My kit’s in a data centre – surely nothing can go wrong?

By Roger Keenan, Managing Director of City Lifeline Ltd, a leading professional colocation data centre in central London.

  • Monday, 10th June 2013 Posted 11 years ago in by Phil Alsop

People put their mission-critical operations and mission-critical equipment in a professional colocation data centre for a variety of reasons. But the common denominator is safety and security. People want certainty that things will continue to work, that their equipment will not be disrupted or stolen and that they can sleep at night. Mostly, that is what happens, and the reliability of a professionally run data centre and its resilience to unexpected external events is generally far superior to what most in-house organisations can deliver.

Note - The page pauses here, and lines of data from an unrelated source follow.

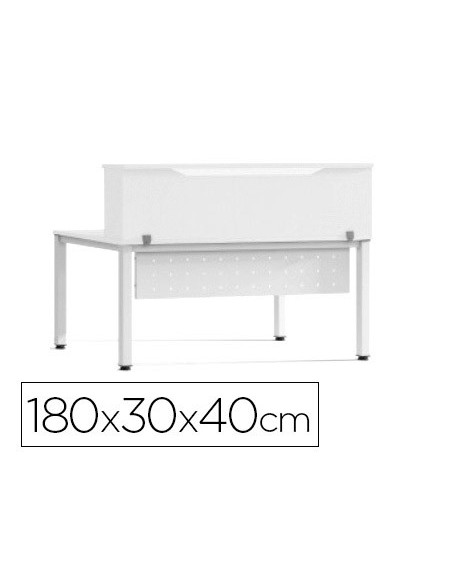 MOSTRADOR ALTILLO ROCADA METAL EXECUTIVE 180X30X40CM.AW04 BL./BL.
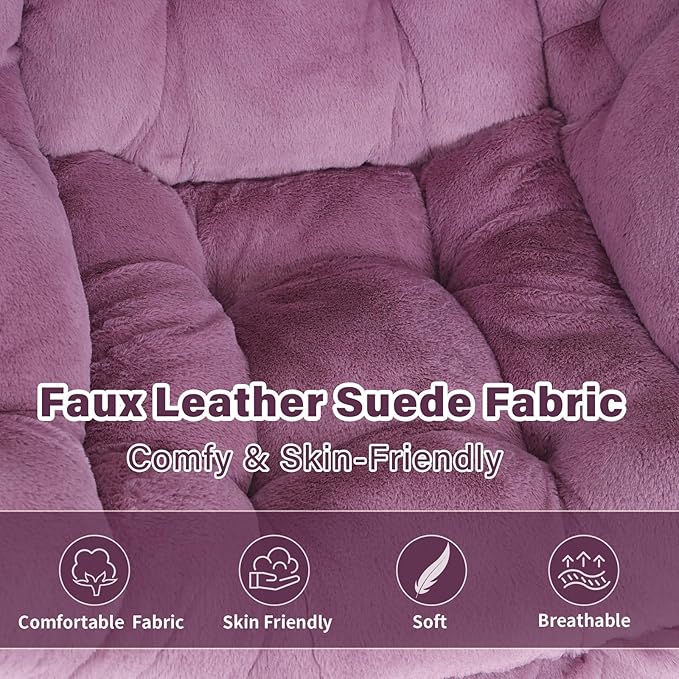 Lazy Chair with Ottoman, Modern Accent Chair Contemporary Lounge Leisure Sofa Chair with Armrests, Reading Chair and Folding Footstool Set for Living Room, Bedroom, Office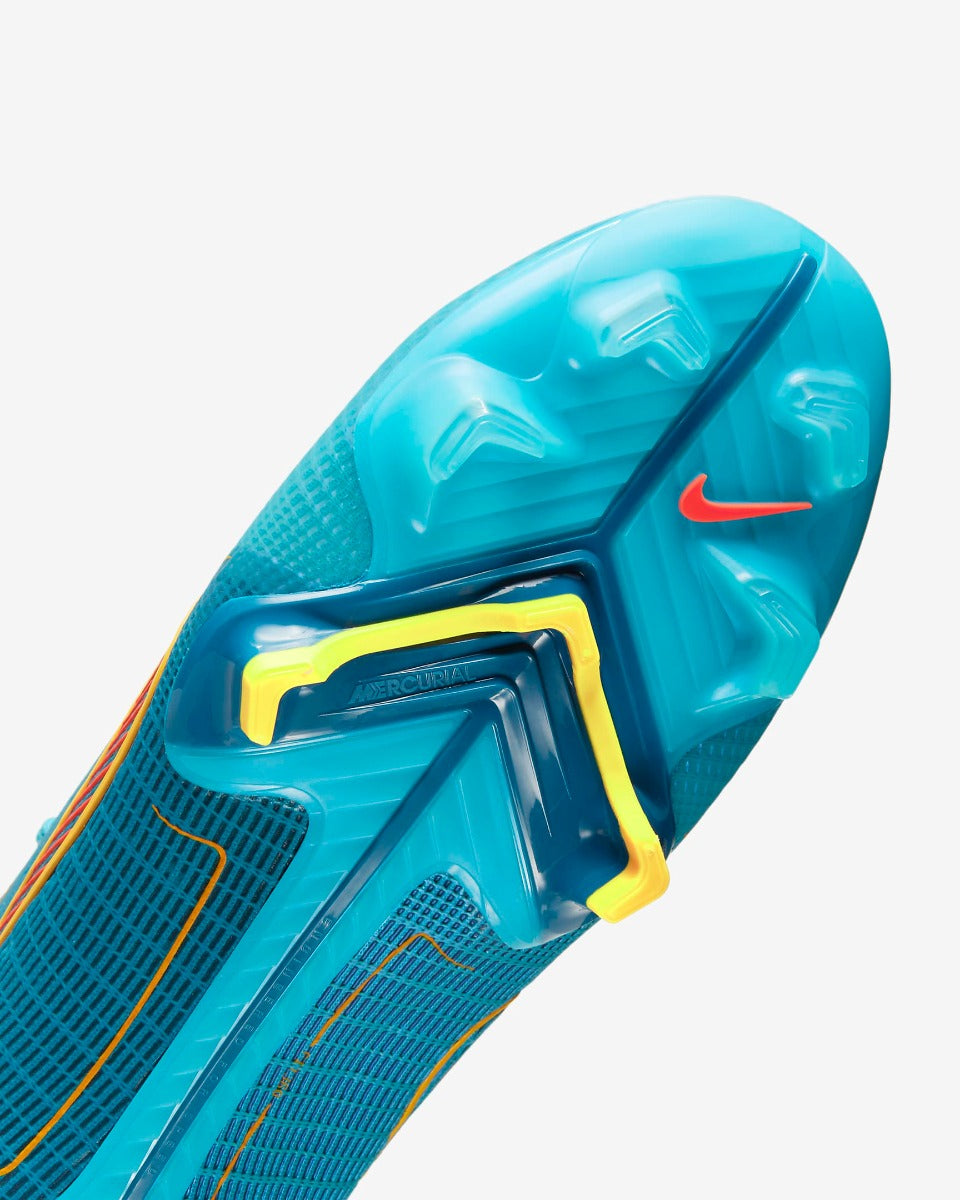 Nike Vapor 14 Elite FG - Chlorine Blue-Laser Orange (Detail 1)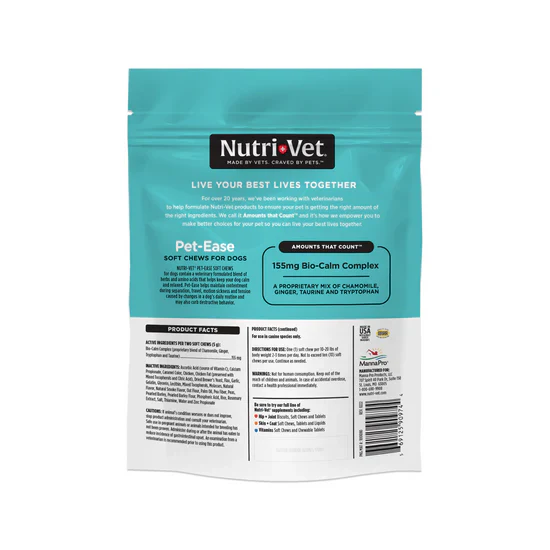 Nutri-Vet Pet-Ease Calming Soft Chews for Dogs 170g - Image 2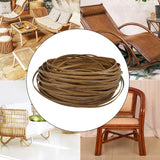 Maxbell Patio Furniture Repair Material 8mm Chair Webbing for DIY Bag Furniture Light Wood Grain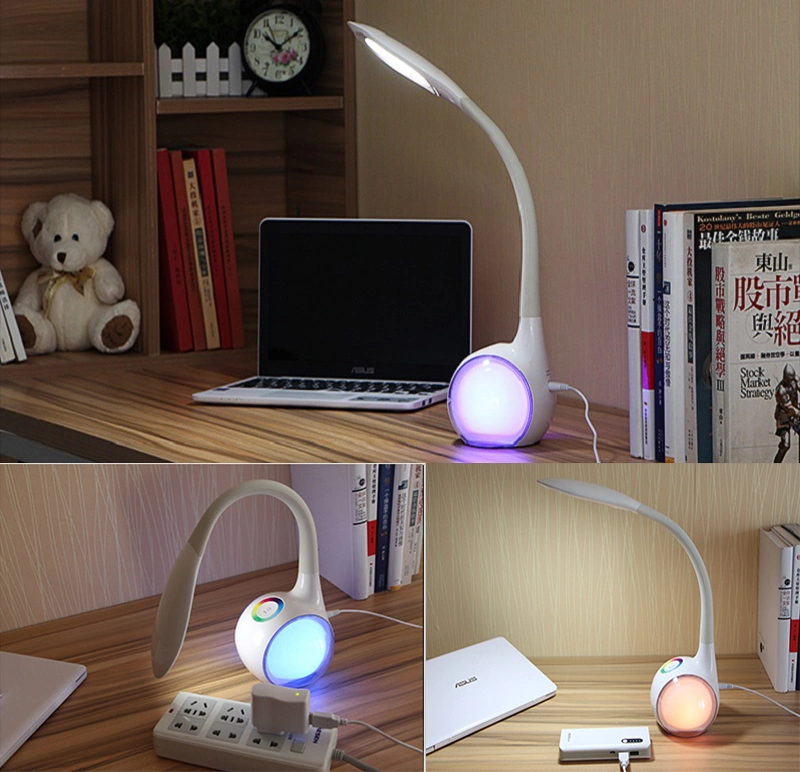 LED Desk Lamp Magic Colorful Color Changing Dimmable LED Book Lamps LED Table Light LED Book Lamp Wholesale Table Lamp Bedroom Lamps Rechargeable Lamp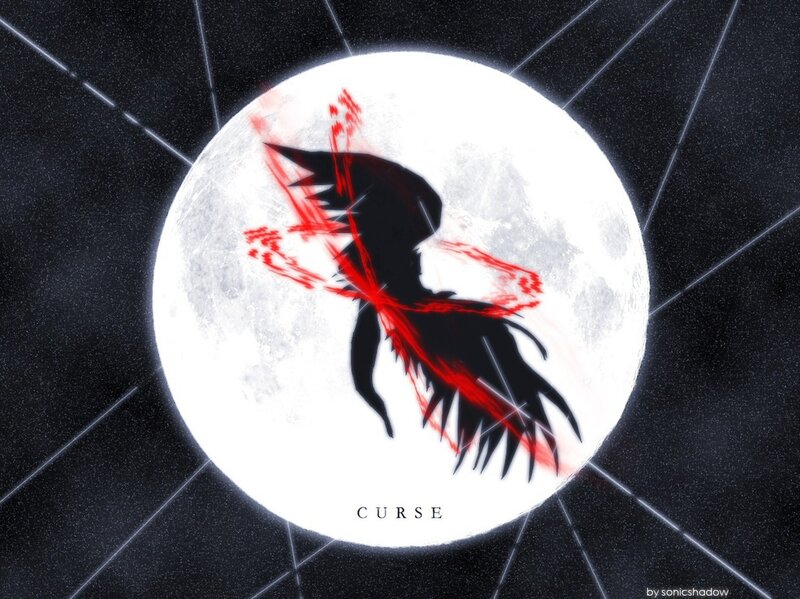Silhouette of a Winged Figure — Black, Dramatic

The effects of failures can be catastrophic. Trading systems can lose millions in seconds if a failure which affects the algorithms occurs. Image the effect on ebay if ebay stopped working during live auctions. Or the very real effects that happened when Amazon in Dublin went down in 2011. Not only are the ramifications on the operations huge, but they drastically affect any data centre that allows them to happen as well. Reputation is everything, the market is competitive and a professional colocation data centre which does not deliver and make its customers feel secure will soon find it has no customers. SLA’s make no difference.


So what does a professional colocation data centre do to mitigate against such things? It comes down to design, operation and training. Statistics show that more than half of all outages are caused by human error – the “oh, I thought you said switch off D, not E, is that why it’s gone quiet?” syndrome. Organisations often boast about how their people are their most valuable asset. A data centre is one of the most crucial tests of whether they really mean it. Routine training is important and necessary, but the real test is when things have not happened as expected, it is 3am and one person has to make the critical decisions on which the future of his organisation and its customers depend. That is when the value of good training and regular practice is seen.

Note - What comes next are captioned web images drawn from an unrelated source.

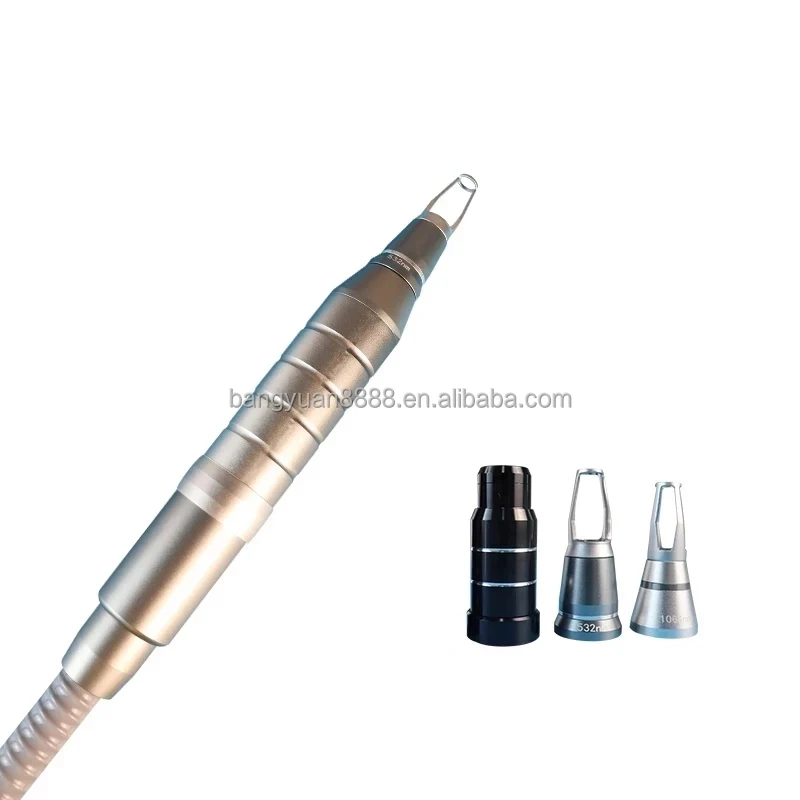 Handheld Picosecond Laser Accessories 1064 532 1320 Honeycomb Fractional head tattoo removal yag laser handle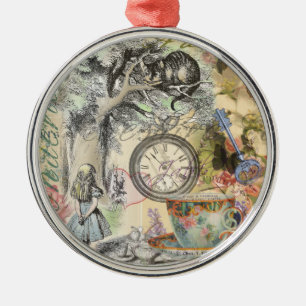 Cheshire Cat Alice im Wunderland Klassiker Ornament Aus Metall
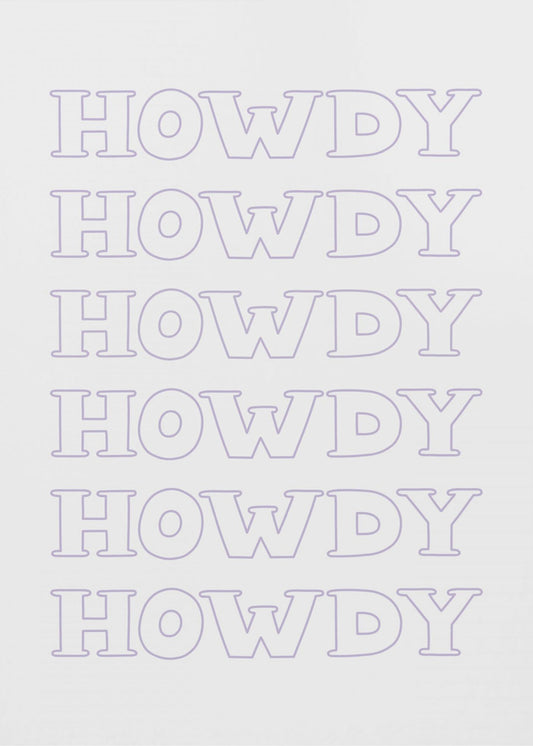 Lila Howdy | Leinwand-Bilder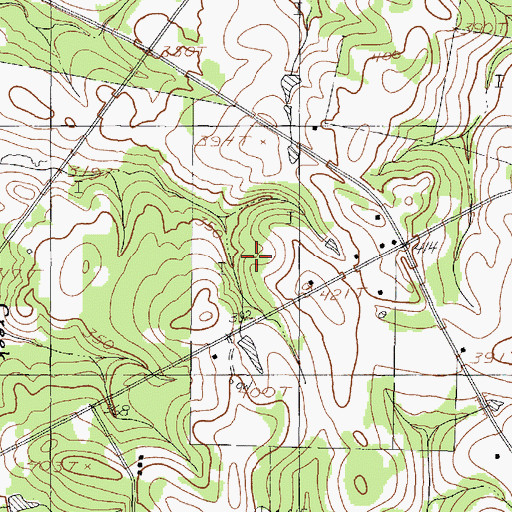 Topographic Map of Tatum Division, TX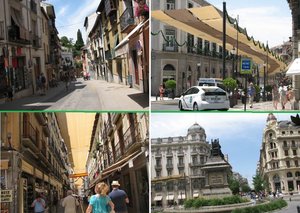 Walking by streets in Granada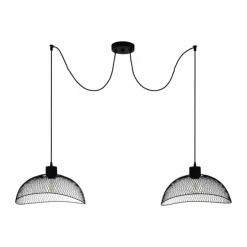 Luminaires Eglo Suspensions|Suspension Eglo POMPEYA Noir, 2 lumières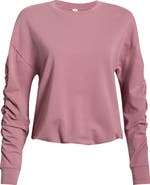 Zella Cinch Side Long Sleeve Top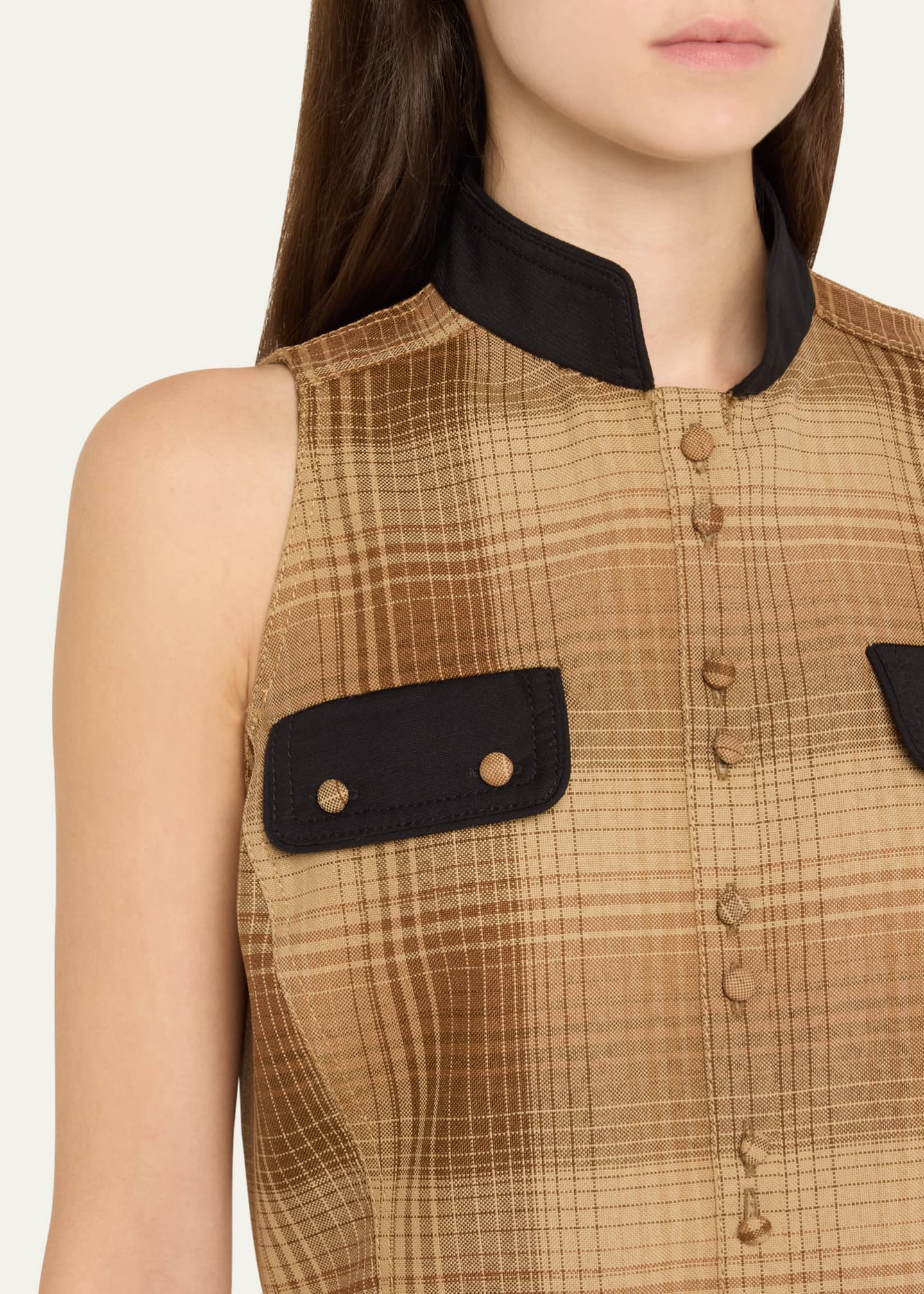 Rosie Assoulin Plaid Emotionally Vested Vest Image 5 of 5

Security is another area where people are critical. Many professional colocation data centres offer 24/7 access, so that if any equipment fault occurs, even at 4am on Christmas Day, it can be addressed immediately. In the world of professional security, there is no substitute for well-trained, properly qualified people who are on site all the time, know the facility intimately and can control access and equipment removals and can respond in an intelligent way to unexpected events. People on their own are not enough – they need to be supported by well thought through security systems, such as sophisticated CCTV with external motion detectors and electronic tripwires. Procedures need to be well designed and well balanced. There are plenty of horror stories about technicians who dismantled their equipment, went to the car park to get a screwdriver, then couldn’t get back into the facility. The balance between tight security and ease of access needs to be both right and appropriate to the type of customers using the data centre.
The core of any commercial data centre, after physical security, is the availability of electrical power. Most of the actions needed to ensure that power to the equipment never fails are automated. A good electrical design will be to Tier 3 data centre standards. The key bit is “concurrent maintainability”. In other words, the ability in the electrical design to be able to take any part of it out of service for maintenance without affecting the end user of the equipment. Such a design implies that any single failure (which is the same thing as taking a system element out of service) also does not affect the end user and therefore that there are no single points of failure (commonly known as SPOF’s).


The old Acronym KISS (Keep It Simple, Stupid) is invaluable in avoiding power outages. The more complex a design is, the less easy it is to understand and the more likely people are to make mistakes. The more elements are dependent on each other, the more likely that some unpredicted interaction will cause an outage, and the more likely that the technician trying to make critical decisions in the middle of the night will get one of them wrong. And using sophisticated technology is not advisable for the same reasons – old fashioned, simple, modular electromechanical technology works just as well and is much easier to diagnose and deal with in a crisis.


Nothing in life is perfect, and no-one can give a cast-iron guarantee that nothing will ever go wrong. But a professional colocation data centre, which exists solely for the purpose of keeping its customers’ equipment, safe, secure and operating, and whose reputation and existence depend on doing just that, is likely to be the best way for most managers to ensure they sleep soundly at night.